El segundo hijo fue este Antonio de Borgoña, al que su tía abuela Juana le dio en herencia, al morir en 1406, el ducado de Brabante. La familia de Borgoña, una línea segundona de los Valois, la dinastía reinante en Francia, se estaba convirtiendo muy rápidamente en un clan de lo más poderoso. Además, a Antonio le tocó la lotería tras enviudar, porque se casó con la heredera del ducado de Luxemburgo, lo que le convirtió en duque consorte, aunque a los luxemburgueses tuvo que someterlos a mamporrazo limpio.

A todo esto, la Guerra de los Cien Años seguía, y Antonio de Borgoña, que no dejaba de ser sobrino del rey de Francia, tomó el partido de éste. En 1415, cuando los ingleses lanzaron su invasión de Francia, se unió al ejército francés, pero armado como un simple caballero, sin su escudo, parece que porque llegó con prisas al campo de batalla de Azincourt. Azincourt, como es bien sabido, fue una victoria completa de los ingleses, que se encontraron con tantísimos prisioneros que Enrique V decidió respetar la vida únicamente de los principales, y matar al resto (luego nos creemos las obras de Shakespeare a pies juntillas, y nos creemos que Enrique V era generoso y caballeroso, y pasa lo que pasa). Me imagino a nuestro Antonio, vestido de manera simple, gritando "¡Soy el duque de Brabante, canallas!", y a trescientas personas más, vestidas igual que él y sabedoras de que los ingleses mandaban a criar malvas a todo aquél de quien no pudieran obtener un rescate jugoso, diciendo "¡No, el duque de Brabante soy yo!". El caso es que los ingleses se lo apiolaron sin más, a él y a todos los impostores. Lo de la convención de Ginebra y esas zarandajas vino mucho después.

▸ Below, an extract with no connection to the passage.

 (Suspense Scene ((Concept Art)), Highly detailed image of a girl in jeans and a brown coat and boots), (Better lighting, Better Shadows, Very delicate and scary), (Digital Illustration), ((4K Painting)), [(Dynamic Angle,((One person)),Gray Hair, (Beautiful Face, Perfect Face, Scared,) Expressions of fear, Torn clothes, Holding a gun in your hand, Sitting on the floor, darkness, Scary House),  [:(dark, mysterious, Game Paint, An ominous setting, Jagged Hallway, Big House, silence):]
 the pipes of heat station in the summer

En Brabante quedó su hijo mayor, Juan IV, de doce añitos, y huérfano de padre y madre, en plena guerra. Para entonces, Bruselas ya era la principal plaza de Brabante y la sede ducal. Pero, técnicamente, Brabante pertenecía al Sacro Imperio, así que el Emperador igual quería decir algo sobre quién accedía a los feudos en el imperio, e igual no le hacía mucha gracia eso de que los borgoñones se estuvieran haciendo los amos de los territorios que en su día fueron el Imperio del Centro. No, no se la hacía, pero el tío de Juan IV, Felipe el Bueno, duque de Borgoña y primo de zumosol de Juan IV, disuadió rápidamente al Emperador de alterar el orden sucesorio brabanzón.

Juan IV, a diferencia de su padre y sus tíos, no era lo que se dice un tío echao p'alante. Le gustaba la retórica y la cultura, y era tirando a alfeñique, cosa poco saludable en el siglo XV centroeuropeo. Así, hizo cosas tales como fundar la Universidad de Lovaina, que hoy es la decana de las universidades belgas; pero lo de gobernar lo delegaba en otros. Con catorce años lo casaron con Jacoba, o Jacqueline, de Baviera, que era su prima hermana, además de condesa de Henao, Holanda, Zelanda y Frisia. Un muy buen partido, vamos, pero se diría que a Jacoba le venía corta su nueva condición. La niña tenía entonces diecisiete años, pero ya tenía experiencia matrimonial, y más que tendría. De momento, a esas alturas, ya le había dado tiempo a enviudar nada menos que del heredero del trono francés; y claro, pasar de París a Bruselas hay gente que lo consideraba una degradación.

Las cosas se complicaron sobremanera, pero no es cuestión de relatarlas a estas horas tan intempestivas, así que su glosa quedará para otra ocasión.